## [How to complete this task]
From the first line to the last, copy the material word for word; pictures stay out.

## [Dataset entries]
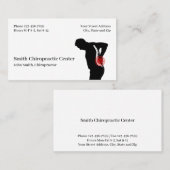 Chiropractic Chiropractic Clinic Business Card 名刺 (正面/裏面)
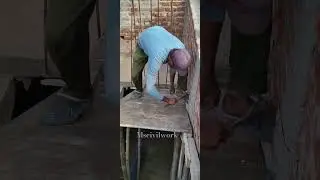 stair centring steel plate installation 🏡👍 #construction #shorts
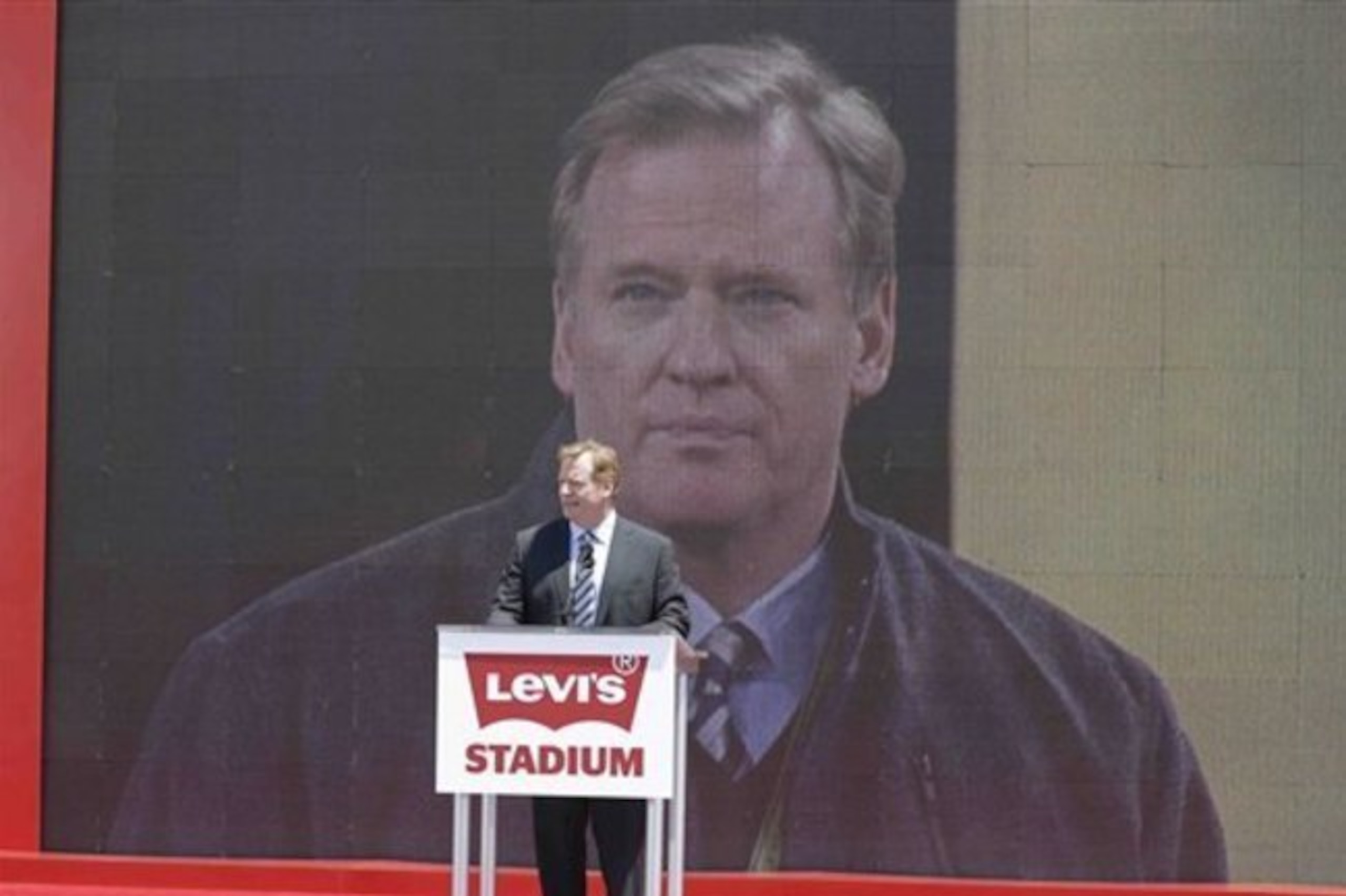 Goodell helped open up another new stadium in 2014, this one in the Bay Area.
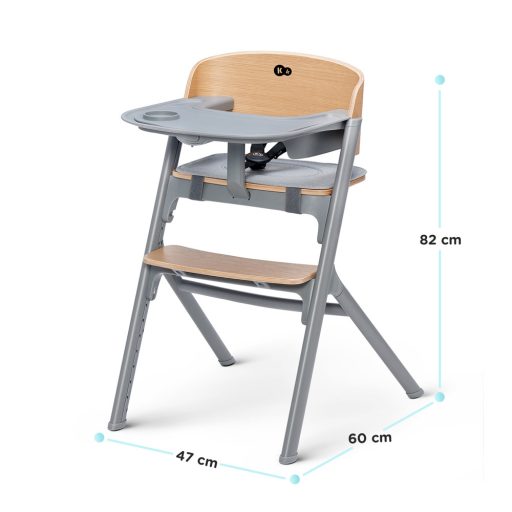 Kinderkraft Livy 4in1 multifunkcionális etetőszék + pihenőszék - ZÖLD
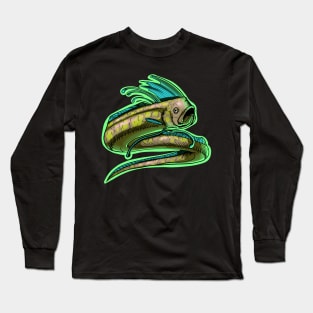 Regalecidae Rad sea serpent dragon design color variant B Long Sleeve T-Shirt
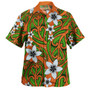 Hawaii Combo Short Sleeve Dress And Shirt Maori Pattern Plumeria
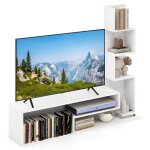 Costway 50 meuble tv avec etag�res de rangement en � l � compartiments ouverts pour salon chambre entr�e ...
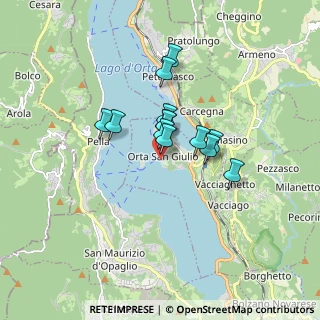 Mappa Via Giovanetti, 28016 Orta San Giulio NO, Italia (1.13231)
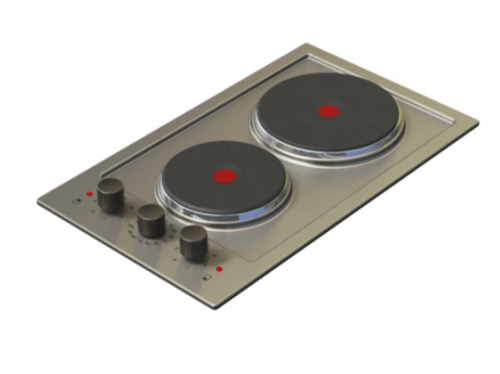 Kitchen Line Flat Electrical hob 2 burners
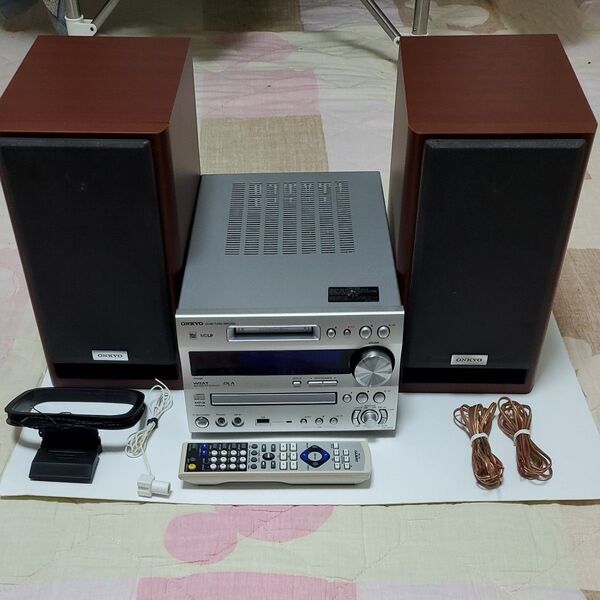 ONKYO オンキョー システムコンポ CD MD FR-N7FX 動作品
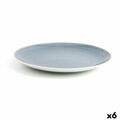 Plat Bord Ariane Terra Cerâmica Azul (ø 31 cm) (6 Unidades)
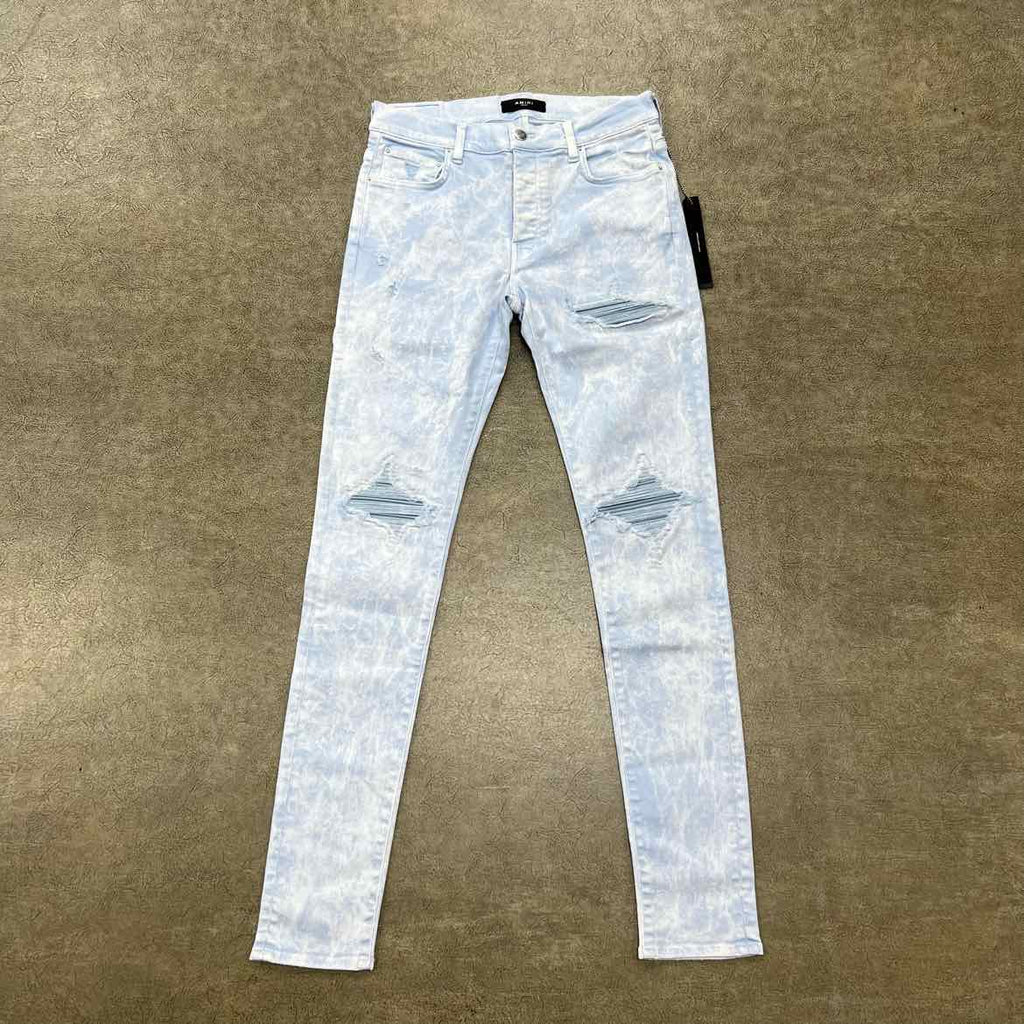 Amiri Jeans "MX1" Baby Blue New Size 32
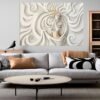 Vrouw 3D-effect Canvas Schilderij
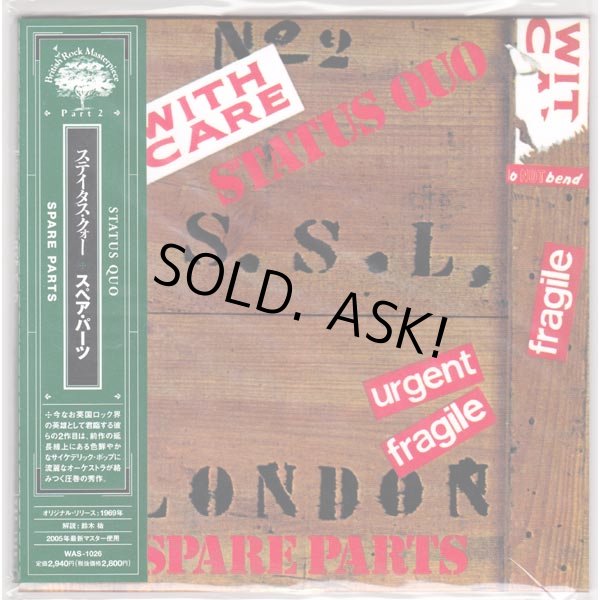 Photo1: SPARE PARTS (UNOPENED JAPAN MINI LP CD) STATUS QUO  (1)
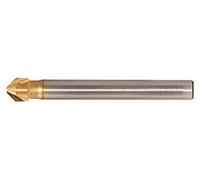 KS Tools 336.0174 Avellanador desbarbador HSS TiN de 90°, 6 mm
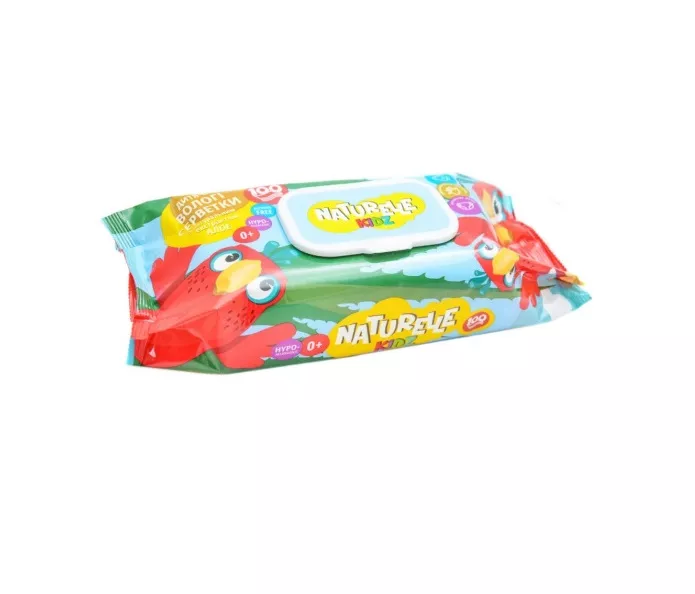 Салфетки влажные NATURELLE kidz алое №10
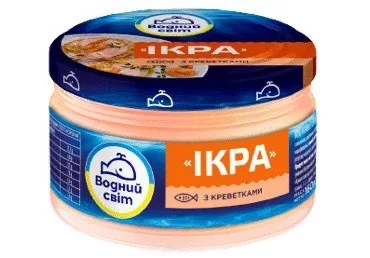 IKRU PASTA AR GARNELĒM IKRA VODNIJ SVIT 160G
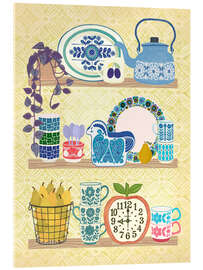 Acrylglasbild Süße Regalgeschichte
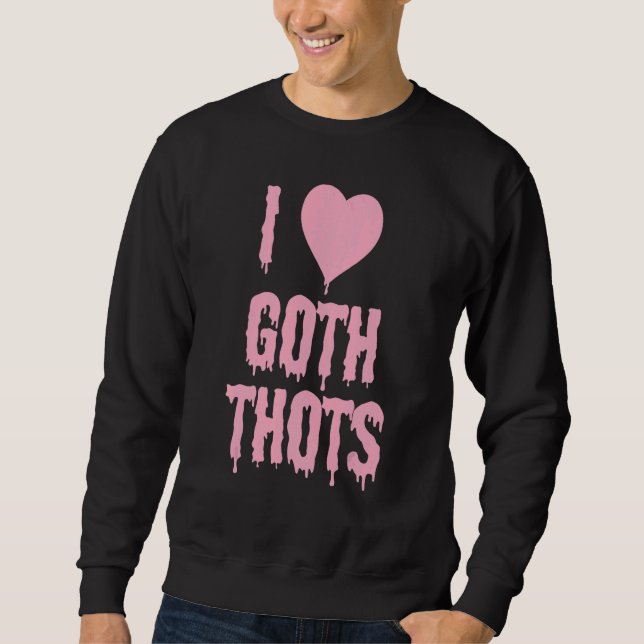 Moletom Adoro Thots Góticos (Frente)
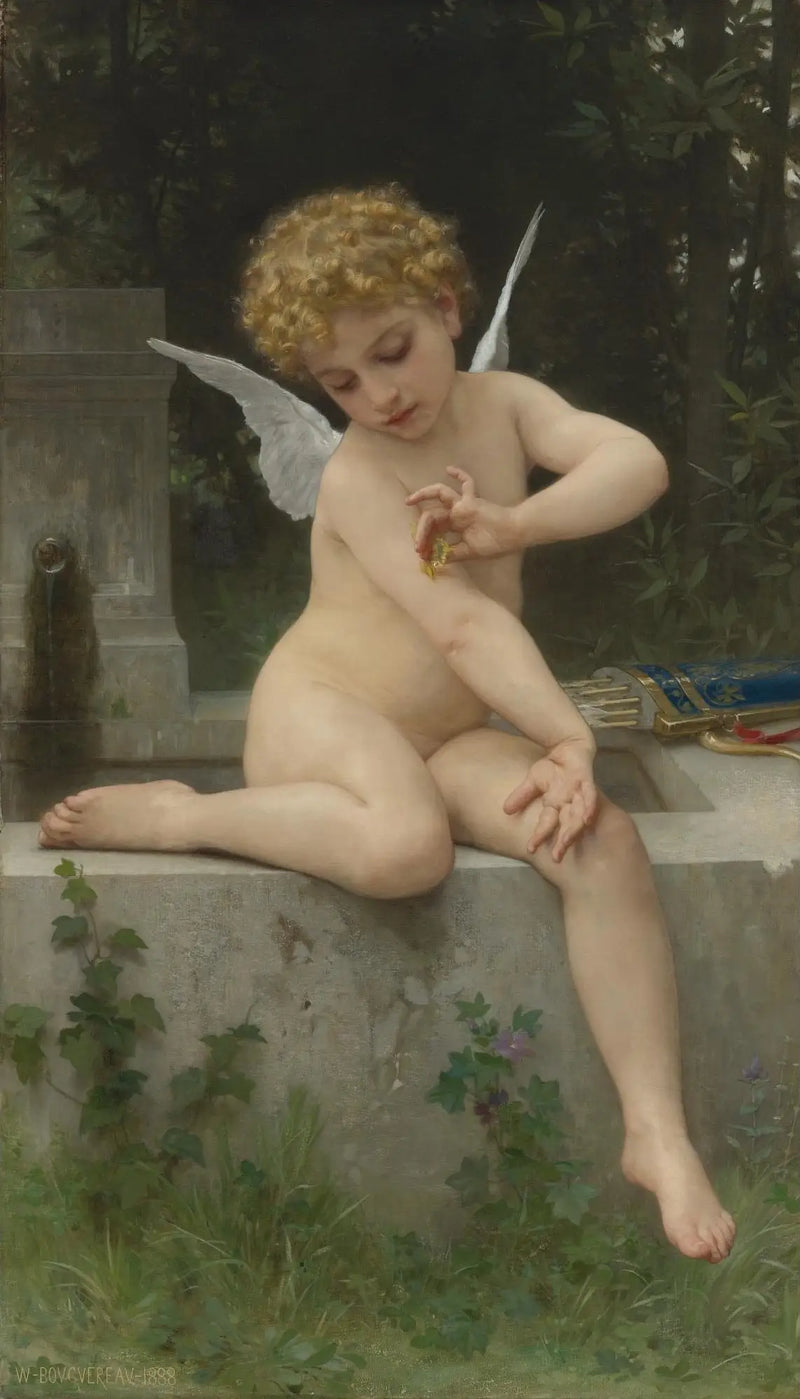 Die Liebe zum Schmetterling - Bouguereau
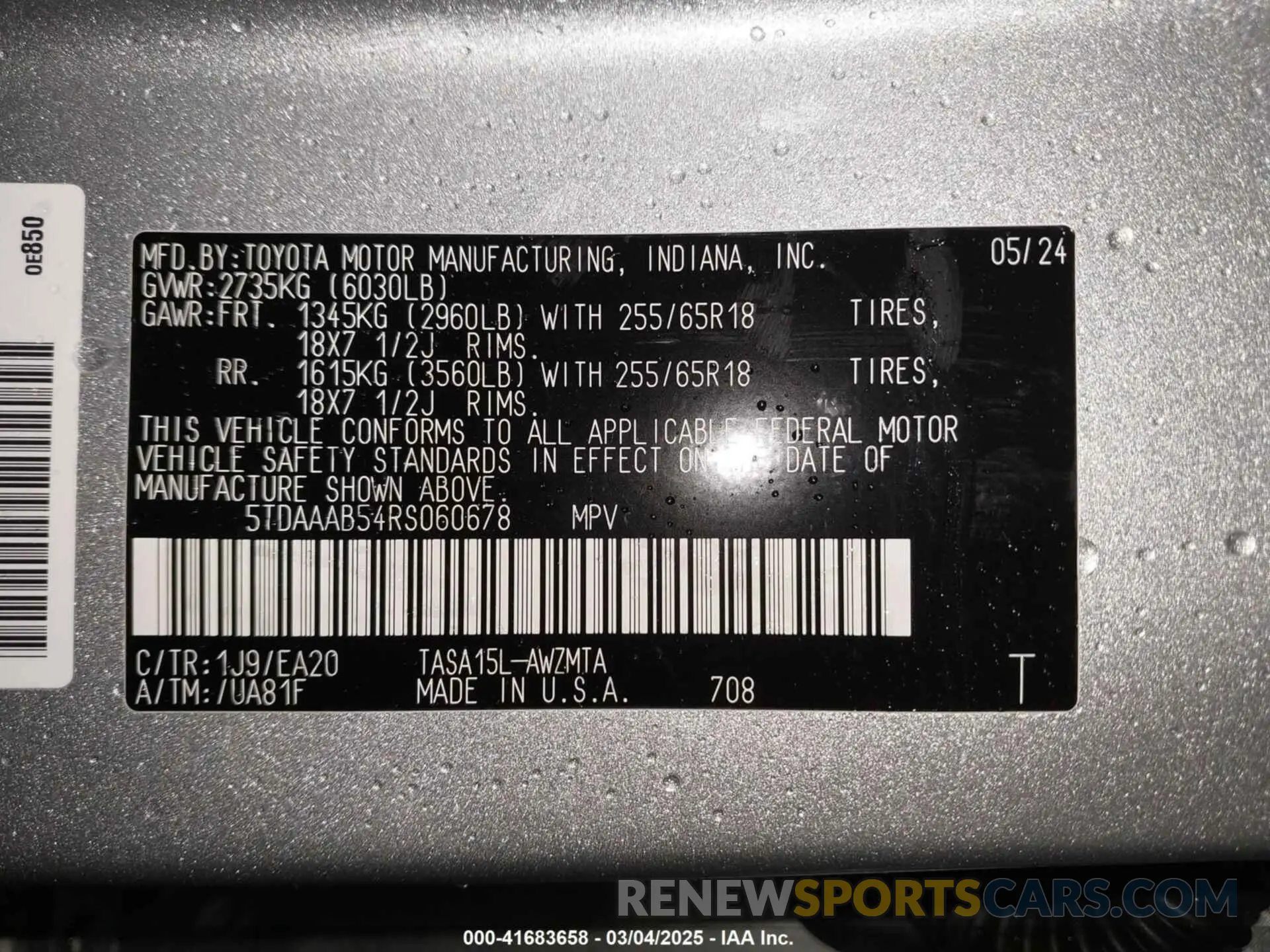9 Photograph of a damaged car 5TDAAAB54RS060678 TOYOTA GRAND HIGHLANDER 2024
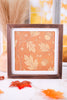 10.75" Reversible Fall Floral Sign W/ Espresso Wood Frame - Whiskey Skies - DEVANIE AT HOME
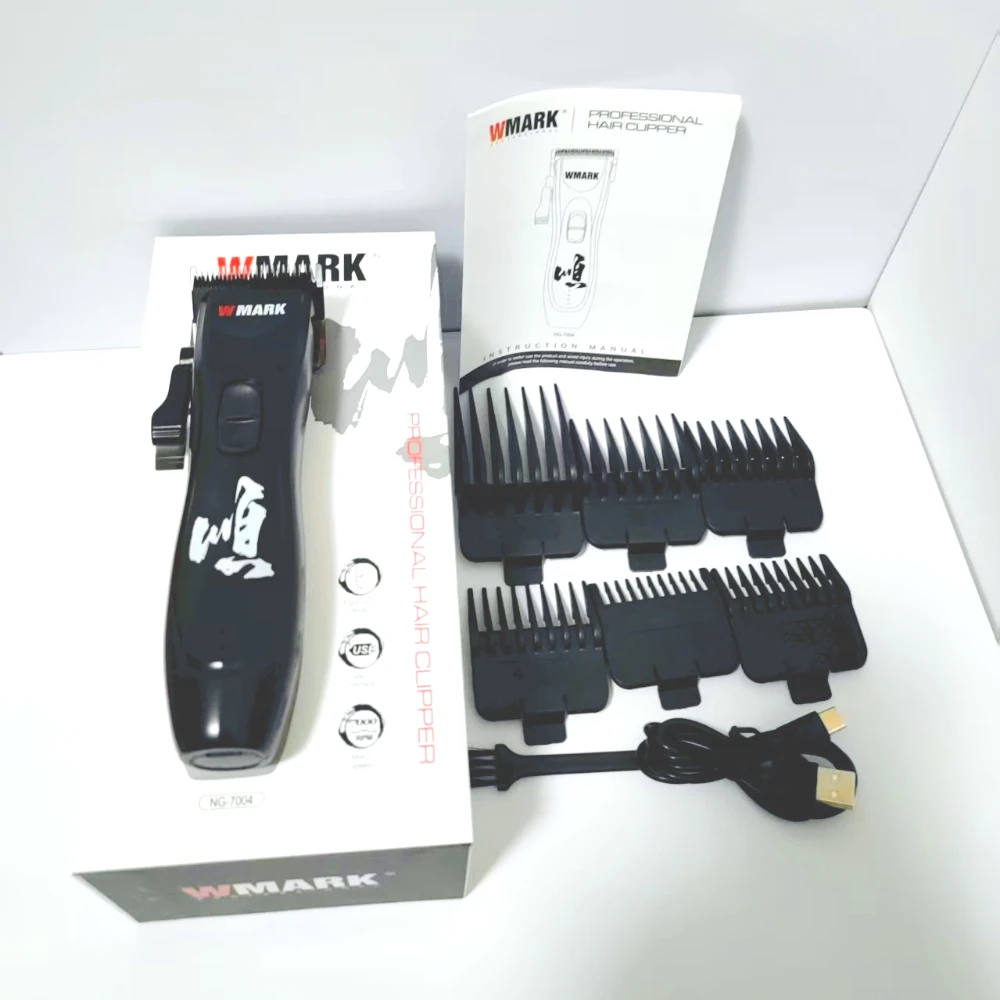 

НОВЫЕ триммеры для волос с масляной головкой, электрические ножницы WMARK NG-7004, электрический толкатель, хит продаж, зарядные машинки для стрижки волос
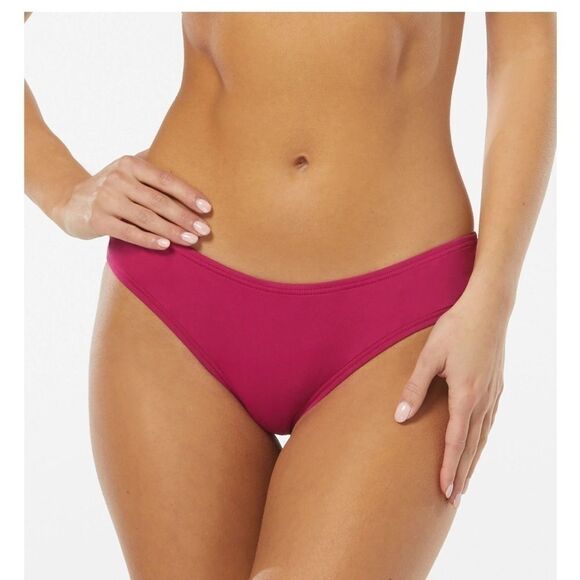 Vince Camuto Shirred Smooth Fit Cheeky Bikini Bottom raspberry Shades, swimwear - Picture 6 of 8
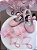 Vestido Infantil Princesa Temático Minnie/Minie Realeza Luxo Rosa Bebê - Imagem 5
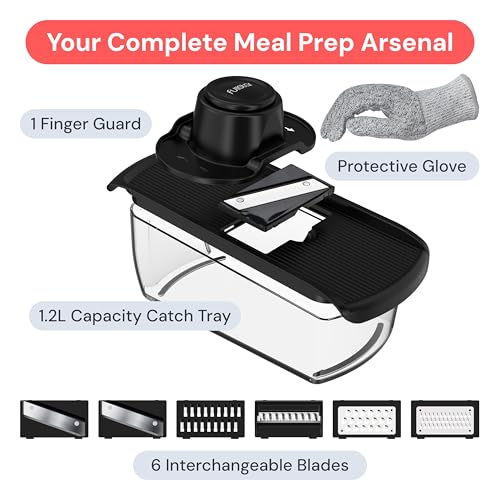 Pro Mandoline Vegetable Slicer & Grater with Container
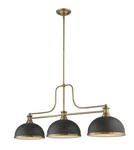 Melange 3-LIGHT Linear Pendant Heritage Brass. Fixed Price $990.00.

## [Exercise solution]
 Chiropractic Chiropractic Clinic Business Card 名刺 (正面/裏面)
 stair centring steel plate installation 🏡👍 #construction #shorts
 Goodell helped open up another new stadium in 2014, this one in the Bay Area.
 Kinderkraft Livy 4in1 multifunkcionális etetőszék + pihenőszék - ZÖLD
 Regalecidae Rad sea serpent dragon design color variant B Long Sleeve T-Shirt
 Hawaii Combo Short Sleeve Dress And Shirt Maori Pattern Plumeria
 Costway 50 meuble tv avec etag�res de rangement en � l � compartiments ouverts pour salon chambre entr�e ...
 Mappa Via Giovanetti, 28016 Orta San Giulio NO, Italia (1.13231)
 Kitchen Line Flat Electrical hob 2 burners
 ONKYO オンキョー システムコンポ CD MD FR-N7FX 動作品
 Plat Bord Ariane Terra Cerâmica Azul (ø 31 cm) (6 Unidades)
 Amiri Jeans "MX1" Baby Blue New Size 32
 Vrouw 3D-effect Canvas Schilderij
 Photo1: SPARE PARTS (UNOPENED JAPAN MINI LP CD) STATUS QUO  (1)
 KS Tools 336.0174 Avellanador desbarbador HSS TiN de 90°, 6 mm
 Салфетки влажные NATURELLE kidz алое №10
 IKRU PASTA AR GARNELĒM IKRA VODNIJ SVIT 160G
 Acrylglasbild Süße Regalgeschichte
 Moletom Adoro Thots Góticos (Frente)
 Die Liebe zum Schmetterling - Bouguereau
9 Photograph of a damaged car 5TDAAAB54RS060678 TOYOTA GRAND HIGHLANDER 2024
 10.75" Reversible Fall Floral Sign W/ Espresso Wood Frame - Whiskey Skies - DEVANIE AT HOME

НОВЫЕ триммеры для волос с масляной головкой, электрические ножницы WMARK NG-7004, электрический толкатель, хит продаж, зарядные машинки для стрижки волос
 Vince Camuto Shirred Smooth Fit Cheeky Bikini Bottom raspberry Shades, swimwear - Picture 6 of 8
 Vestido Infantil Princesa Temático Minnie/Minie Realeza Luxo Rosa Bebê - Imagem 5
 Pro Mandoline Vegetable Slicer & Grater with Container
 Melange 3-LIGHT Linear Pendant Heritage Brass. Fixed Price $990.00.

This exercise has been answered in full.